Set down the data below without change, skipping the pictures it holds.

(Beginning of Data segment)

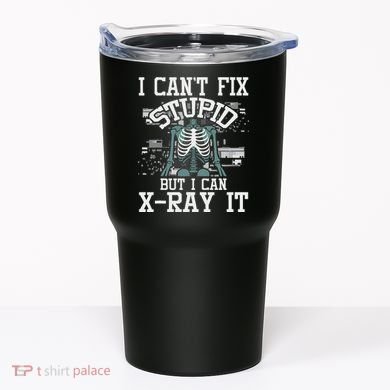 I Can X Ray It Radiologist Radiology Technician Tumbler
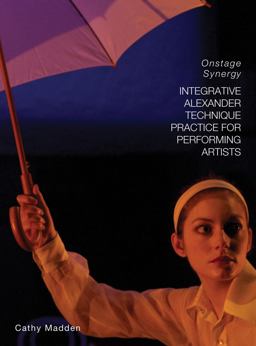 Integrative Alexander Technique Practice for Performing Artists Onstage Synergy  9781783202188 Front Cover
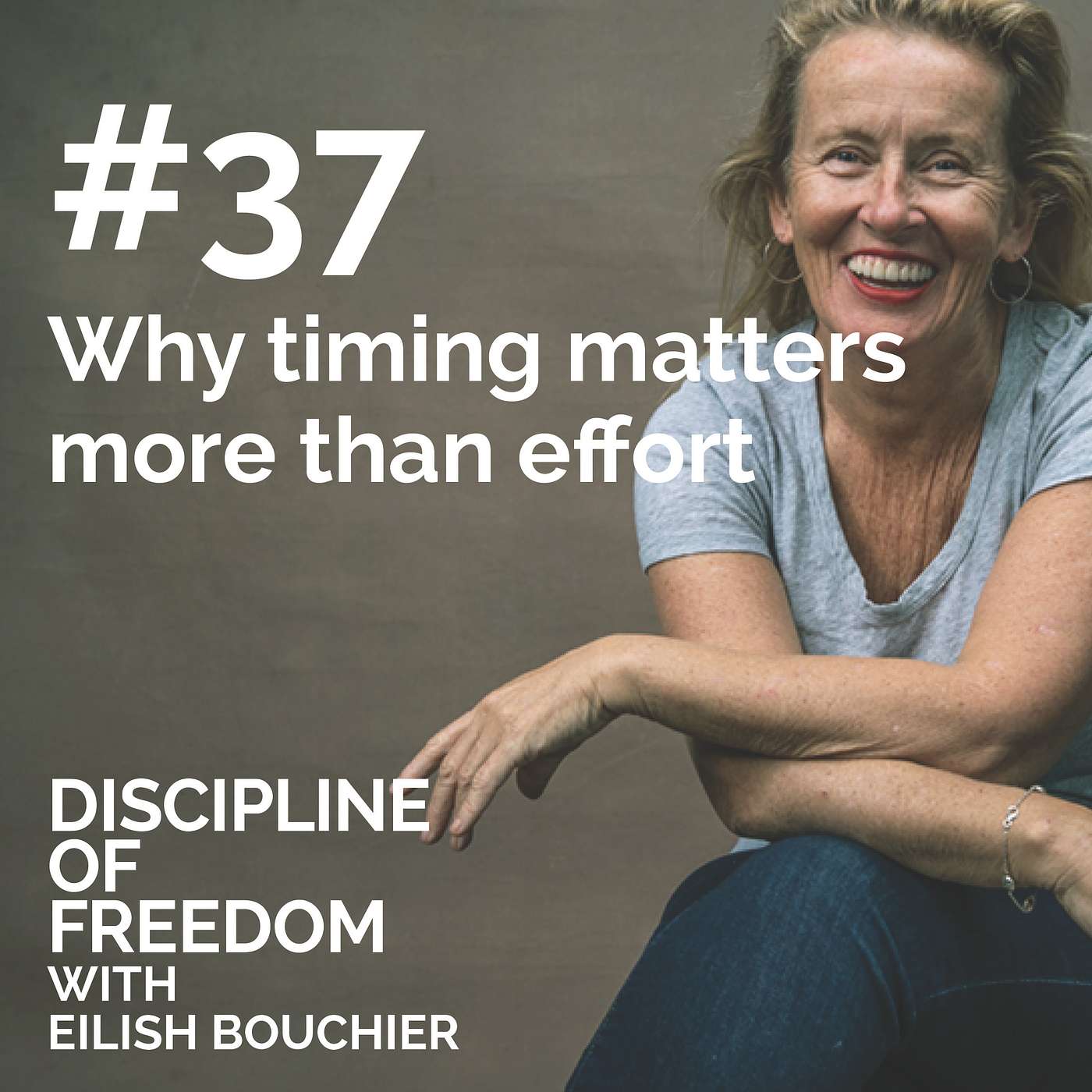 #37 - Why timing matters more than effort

(End of Data segment)

▶ Solution to the problem:
 I Can X Ray It Radiologist Radiology Technician Tumbler
 Integrative Alexander Technique Practice for Performing Artists Onstage Synergy  9781783202188 Front Cover
 #37 - Why timing matters more than effort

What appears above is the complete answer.